Addio e-commerce. Benvenuto digital retail
L’ultima edizione di Netcomm Forum manda un messaggio chiaro: mentre si conferma la crescita dell’e-commerce in Italia, il consumatore impone il superamento della divisione tra i canali.
Nella due giorni milanese di Netcomm Forum, che celebra la continua avanzata del commercio elettronico in Italia – 31,5 miliardi di euro di acquisti, in crescita del 15% sul 2008 e una quota sul totale degli acquisti retail del 7% (ma l’e-commerce pesa per il 60% della crescita nel mercato retail) – emergono anche degli aspetti sui quali è opportuno puntare l’attenzione.

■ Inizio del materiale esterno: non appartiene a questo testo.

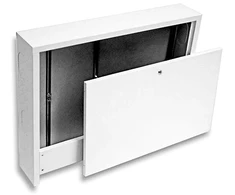 Virštinkinė kolektoriaus spintelė KAN-therm SNE-2 8 žiedų, 615 x 580 x 110
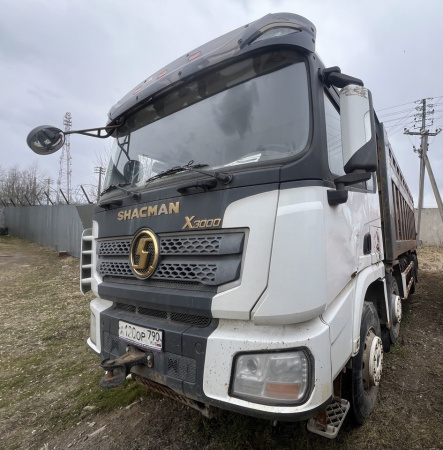 Shacman (Shaanxi) SX331863366 — Б/У, 2022 г.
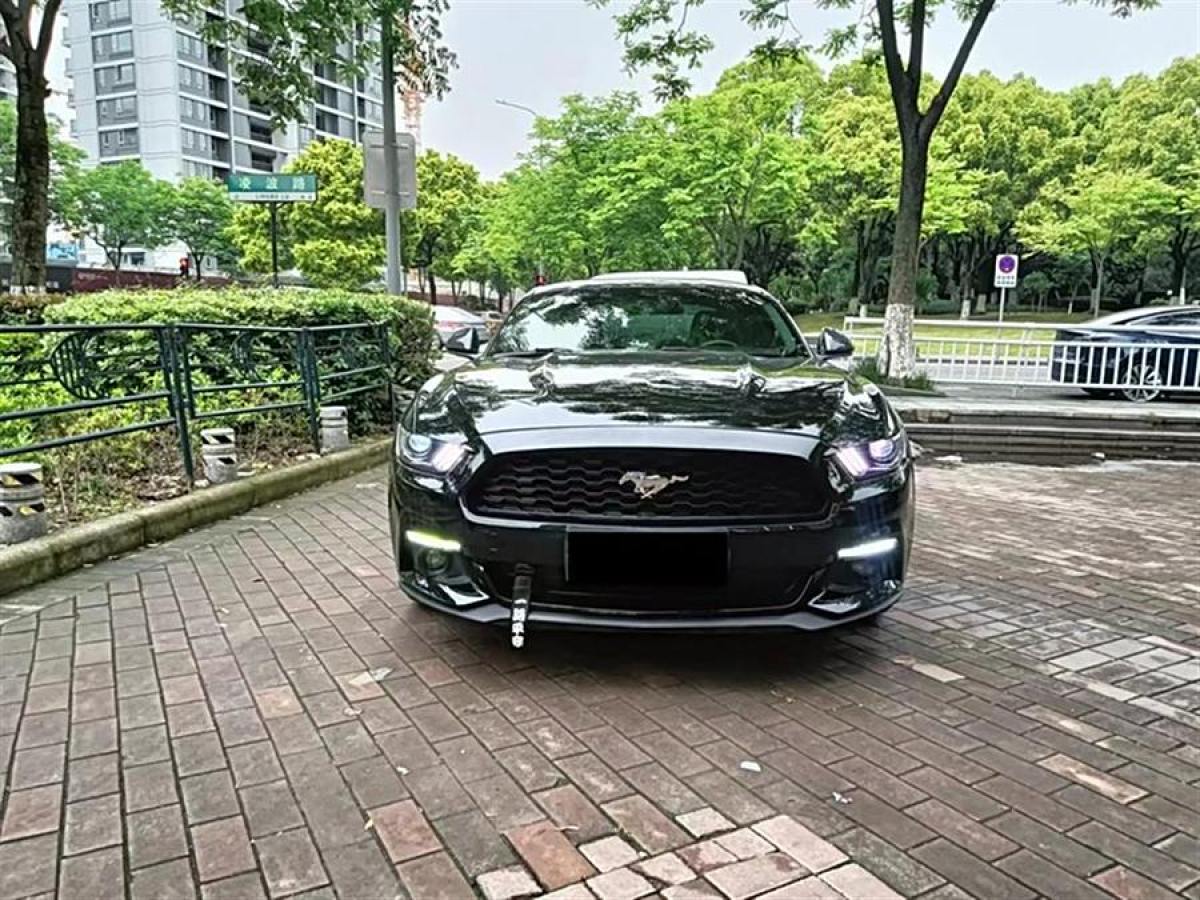 2015年11月福特 Mustang  2015款 2.3T 性能版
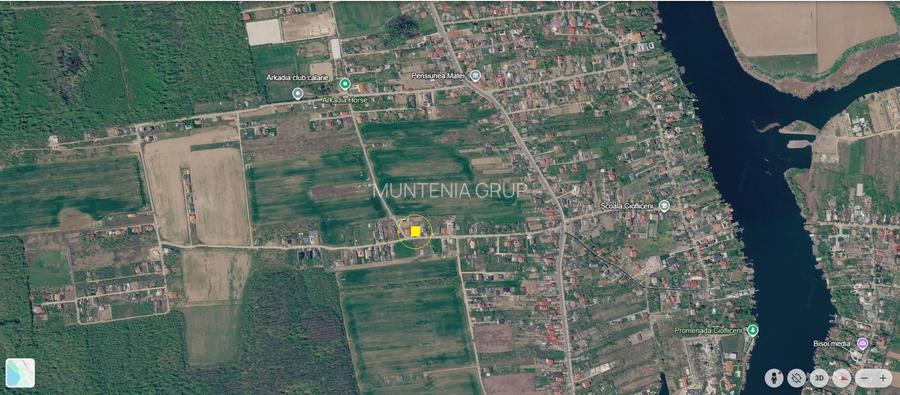 CIOFLICENI - Str. Dimitrie Cantemir, 937 mp. teren cu acces din strada - 3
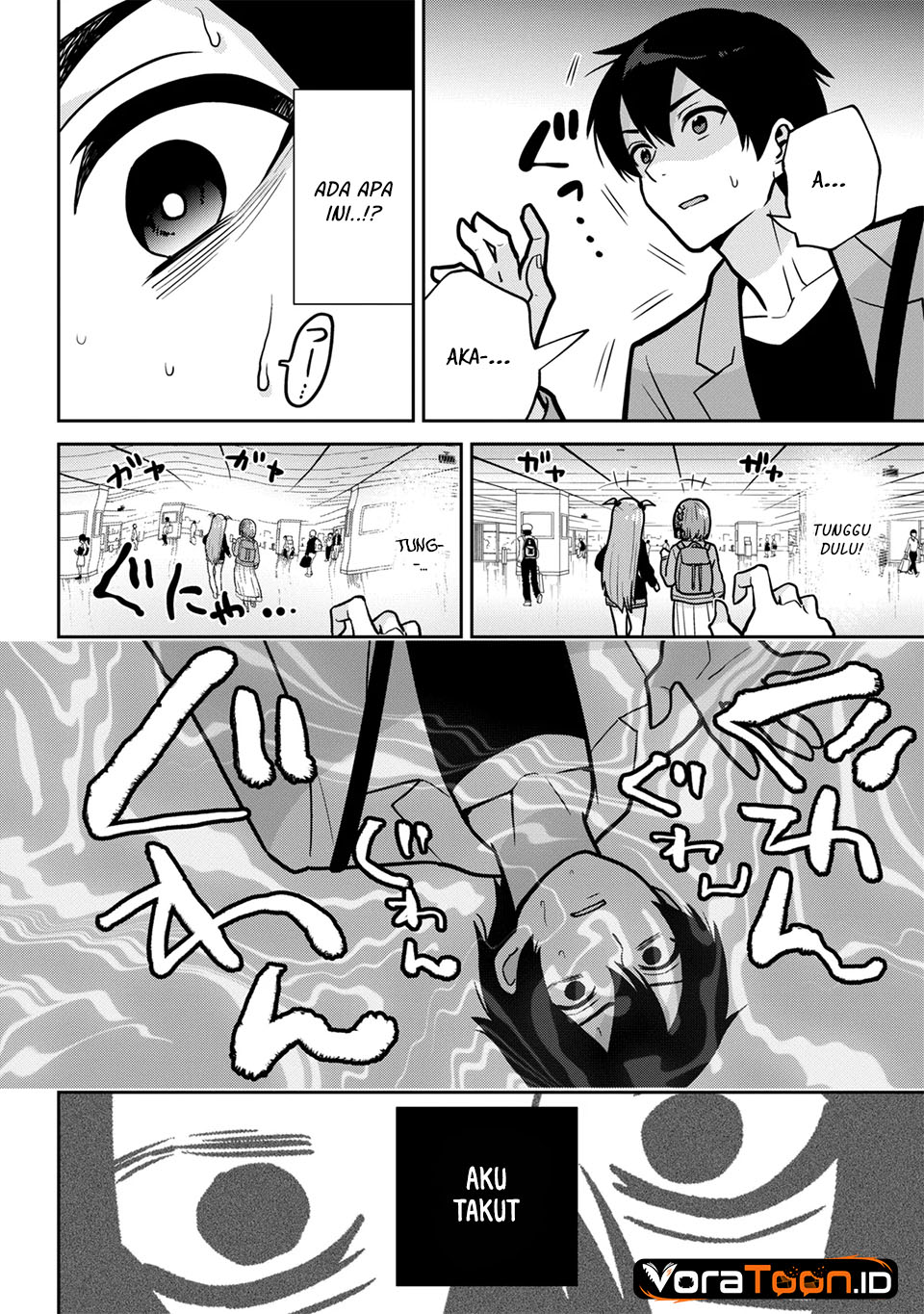 Kurasu no Daikirai na Joshi to Kekkon Suru Koto ni Natta Chapter 56 - Page 3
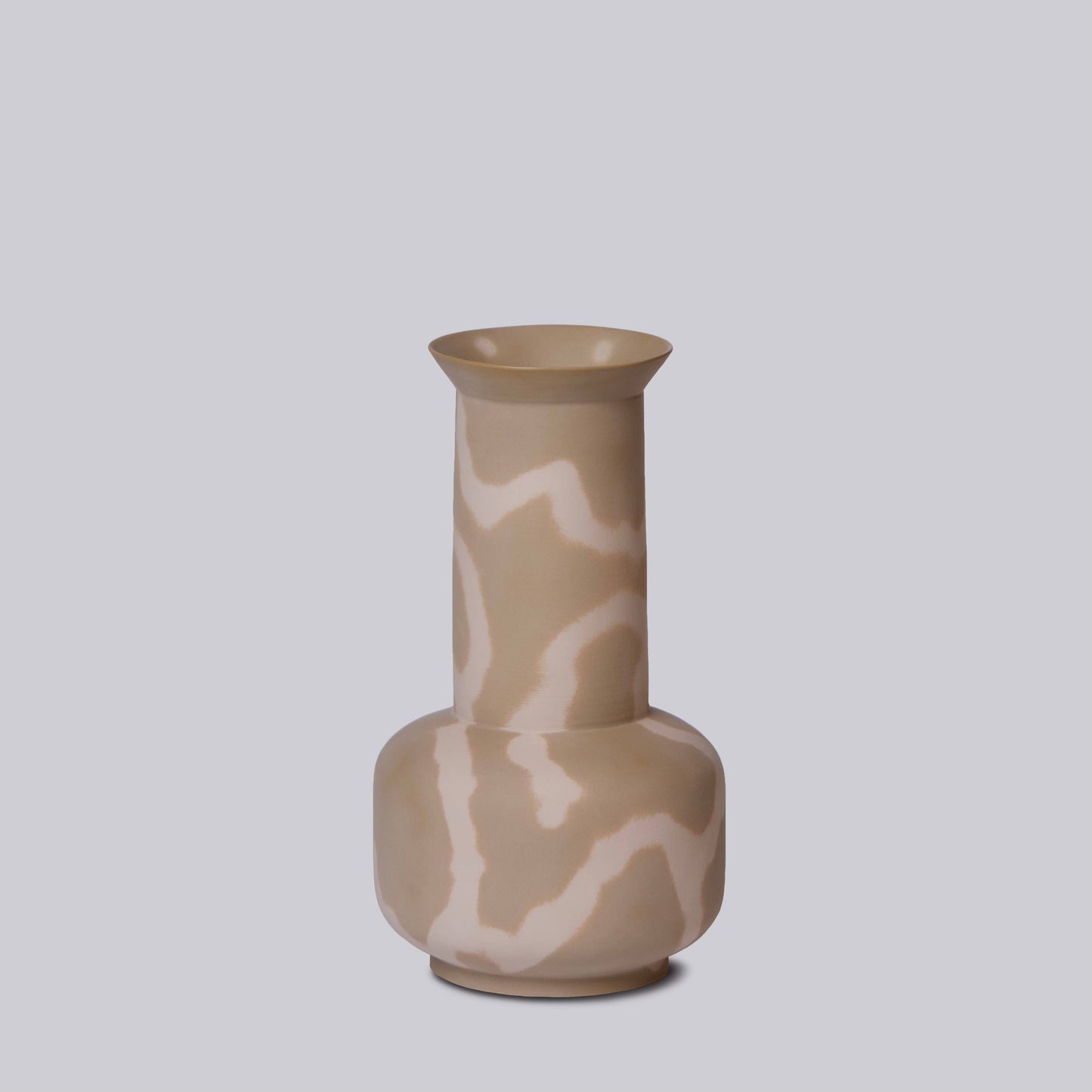 Memphis Sage Porcelain Vase: Memphis black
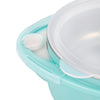 5PCS Bethbear BS3181 Baby Suction Cup Thermal Insulation Bowl Milk Cup Spoon Fork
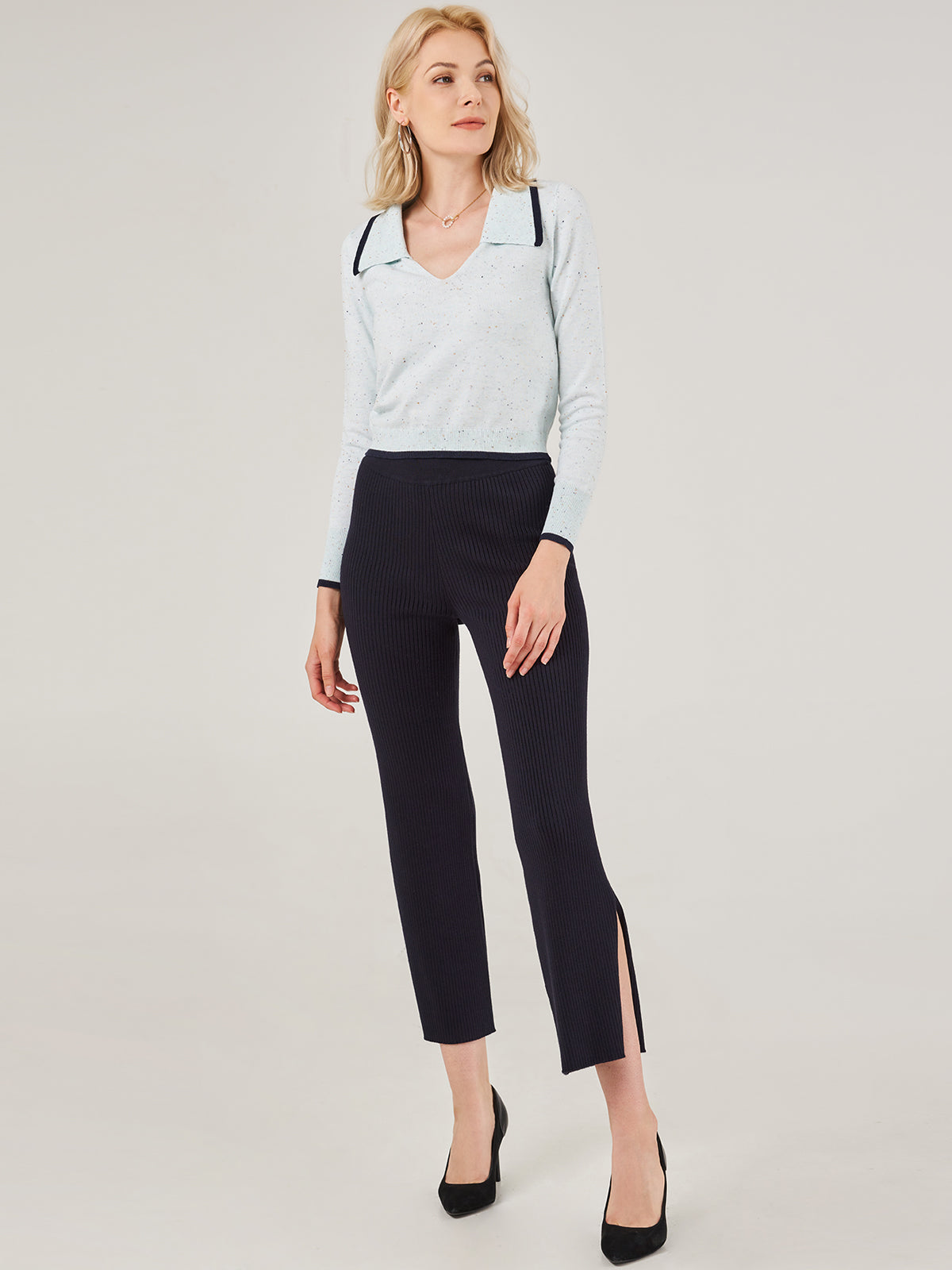 Flare Sweater Pants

Luca Attias, commissario straordinario per l’attuazione dell’Agenda digitale, non usa mezzi termini e parla di una vera e propria “emergenza digitale” nel nostro paese, dove con la digitalizzazione c‘è sempre stato un rapporto difficile. Certo, il punto di vista è quello della pubblica amministrazione, dove la frammentazione la fa da padrona: 11 mila data center che non si parlano tra di loro, duplicazione delle applicazioni, un calvario per chi si avventura nel ginepraio. Eppure siamo il paese con il maggior numero di smartphone, ma a dominare è quella che Attias definisce inconsapevolezza, tanto che l’emergenza digitale pervade tutte le altre emergenze e inefficienze italiane, dall’evasione allo spreco (basti pensare al costo energetico di 11 mila data center) passando per la corruzione. «Vi è una correlazione lineare – spiega Attias – tra il Corruption perception index (l’Italia è al cinquantatreesimo posto, il venticinquesimo in Europa) di Transparency International e il Digital economy and society index dell’Unione europea, che vede l’Italia saldamente ancorata da diversi anni al quartultimo posto: a un indice di minor corruzione corrisponde un alto indice di digitalizzazione».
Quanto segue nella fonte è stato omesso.